Participaram também agentes do México, Costa Rica, Panamá, Argentina, Uruguai e
Paraguai. Teria também muitas conexões
com procuradores norte-americanos.
Com a prisão de Yousseff, a Lava Jato deslancha como um
foguete. Os primeiros presos já se defrontam com uma força tarefa que detinha
um mundo de informações sobre o esquema na Petrobrás. Executivos e sócios de empreiteiras
rendiam-se às ofertas de delação premiada diante da evidência de que negar era inútil, só agravaria suas penas. O estilo
espetaculoso das operações e uma bem sucedida tática de comunicação dos
procuradores e delegados federais semeou a indignação popular. Vazamentos
seletivos adubaram o ódio ao PT como “cérebro” do esquema.
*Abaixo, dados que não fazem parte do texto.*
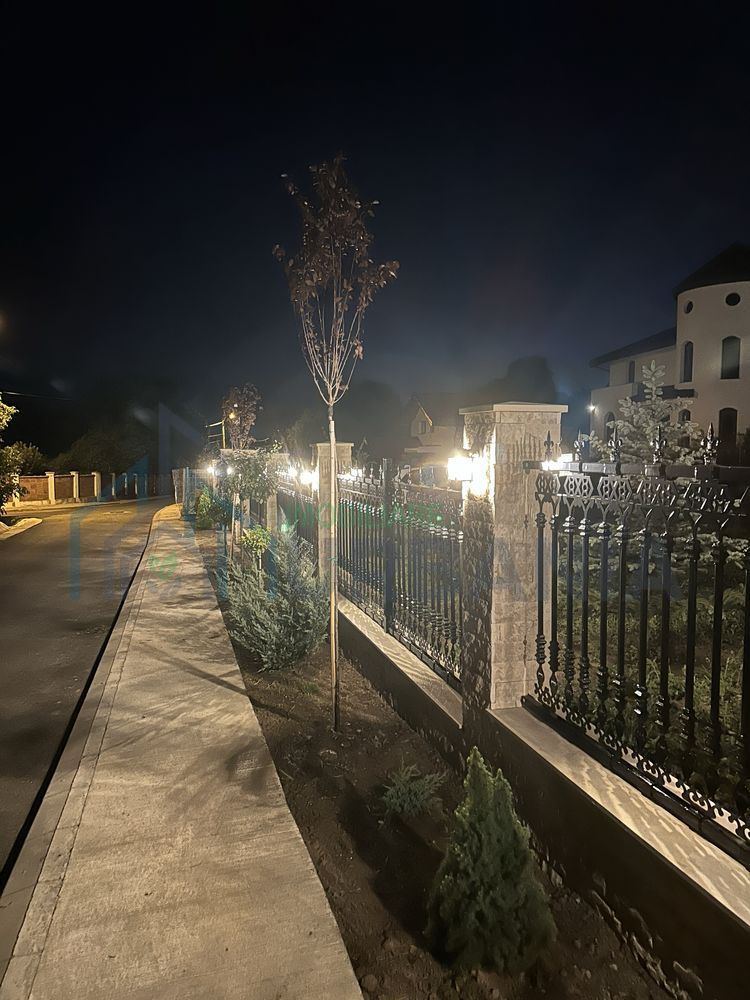 Teren intravilan 1000 m pregatit pt. constructie - Poză 5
As coisas foram caminhando juntas, na Lava Jato, na economia
e na política. A partir do início do segundo mandato de Dilma, ganharam
sincronia fina. Na Câmara, Eduardo Cunha massacrava o governo e a cada derrota
o mercado reagia negativamente. A Lava Jato, com a ajuda da mídia, envenenava
corações e mentes contra o governo. Os movimentos de direita e pró-impeachment
ganharam recursos e músculos para organizar as manifestações que culminaram na
de 15 de março. A Fiesp entrou de cabeça
na conspiração e a Lava Jato perdeu todo o pudor em exibir sua face política
com a perseguição a Lula, a coerção para
depor no aeroporto de Congonhas e finalmente, quando ele vira ministro, a
detonação da última chance que Dilma teria de rearticular a coalizão, com o
vazamento da conversa entre os dois.
No percurso, Dilma e o PT cometeram muitos erros. Erros que
não teriam sido fatais para outro governo, não para um que já estava jurado de
morte. Mas este não é o assunto agora, nesta revisitação em busca da anatomia
do golpe.
Em março, a ajuda externa já fizera sua parte mas as pegadas
ficaram pelo caminho. O governo já não conseguia respirar. Mas, pela lei das
contradições, a Lava Jato continuou assustando a classe política, sabedora de
que poderia “não sobrar ninguém”. É
quando os caciques se reúnem, como contou Jucá, e decidiram que era hora de
tirar Dilma “para estancar a sangria”.
Desvendar a engrenagem que joga com o destino do Brasil
desde 2013 é uma tentação frustrante. Faltam sempre algumas peças no
xadrez. Mas é certo que, ainda que
incompleta, a narrativa do golpe não é produto de mentes paranoicas. No futuro,
os historiadores vão contar a história inteira de 2016, assim como já contaram
tudo ou quase tudo sobre 1964.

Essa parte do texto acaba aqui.